Tra il 1990 e il 2005 circa 80 milioni di persone si sono spostate da una provincia all’altra della Cina, secondo una ricerca dell’Università di Washington di cui ha parlato pochi giorni fa l’Economist. Se a chi si sposta da una provincia all’altra si aggiungono quelli che si trasferiscono restando all’interno della stessa provincia, possiamo dire che circa 230 milioni di cinesi passano gran parte dell’anno lontano dai luoghi dove sono nati e dove si trovano i loro parenti stretti.Nella maggior parte dei casi si tratta di giovani con meno di trent’anni che lasciano i villaggi rurali dell’interno, dove le condizioni di vita e la povertà diffusa rendono la vita difficile, per spostarsi verso le città industriali della costa, a centinaia di chilometri di distanza. Oltre 150 milioni di persone, il 12 per cento della popolazione del paese, hanno lasciato i villaggi agricoli dell’interno per lavorare altrove.
Le zone di emigrazione principali sono le grandi province dell’interno, come la provincia meridionale del Sichuan, decisamente più povere rispetto alle zone costiere: se il Sichuan fosse inserito nella classifica dei paesi del mondo per PIL pro capite (a parità di potere di acquisto) sarebbe intorno al 110° posto, una sessantina di posizioni più in basso rispetto a Shangai.

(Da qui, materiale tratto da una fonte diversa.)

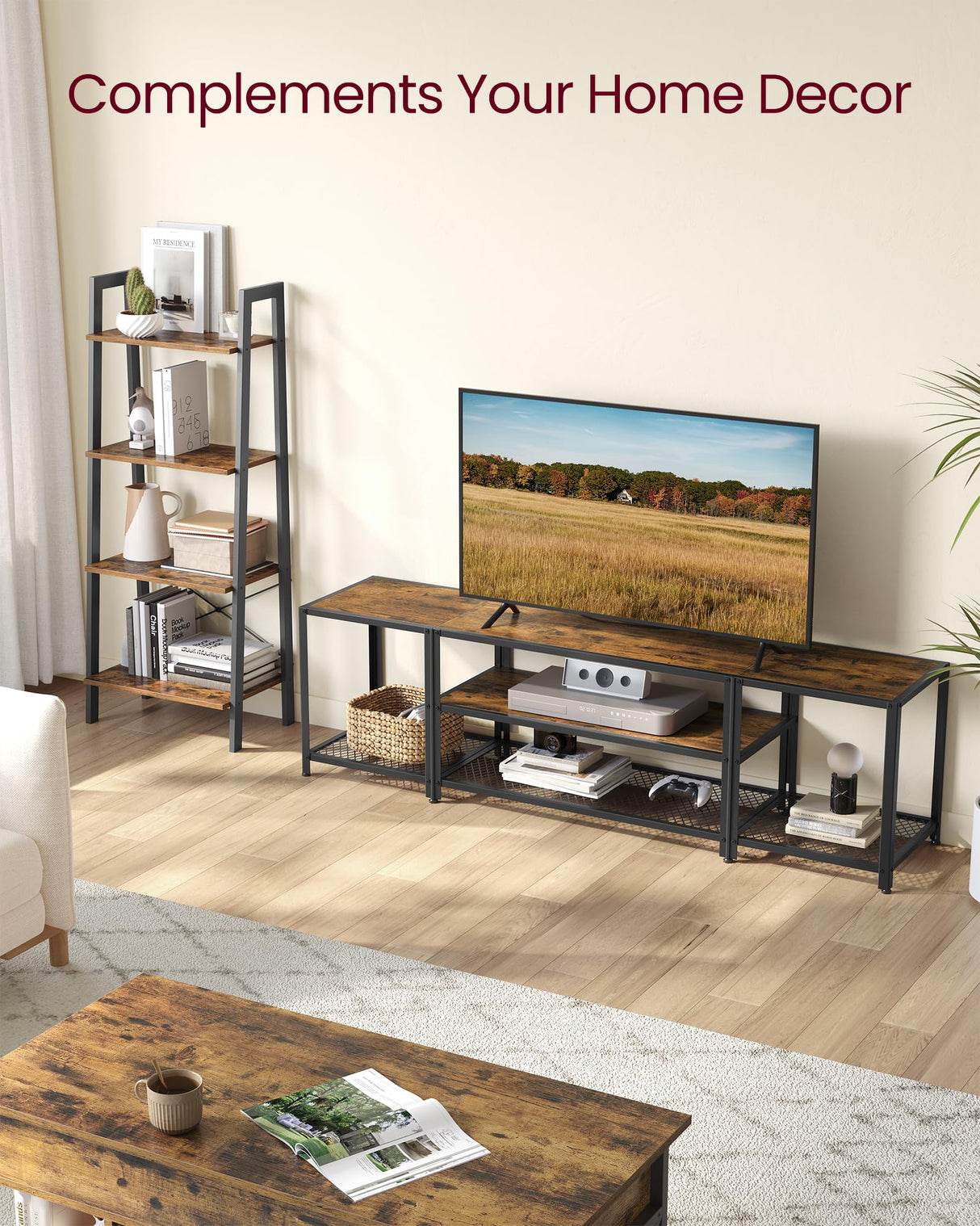 VASAGLE Modern TV Stand for TVs up to 75 Inches, 3-Tier Entertainment Center, Industrial TV Console Table with Open Storage Shelves, for Living Room, Bedroom, Rustic Brown and Black ULTV098B01 VASAGLE
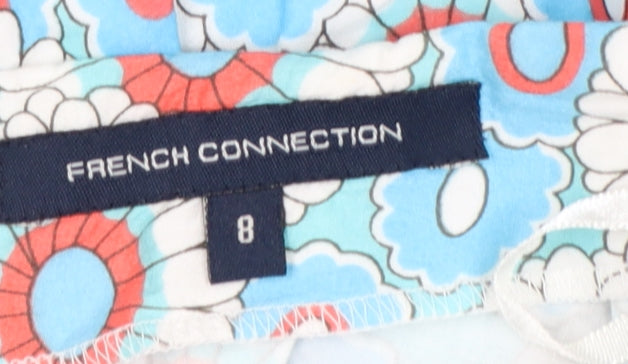 French Connection Women Blue Floral UK 8 A-Line Short Cotton Skirt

Le destinazioni principali sono le città di Shangai e Pechino, ma soprattutto le province costiere come Guangdong e Zhejiang (entrambe nella Cina sudorientale), che hanno un enorme apparato industriale orientato all’esportazione. Nel Guangdong, per ricordare solo uno dei tanti primati della spettacolare crescita economica cinese, è stata assemblata circa la metà di tutti i telefoni cellulari prodotti nel mondo nel corso del 2011, circa 900 milioni di pezzi.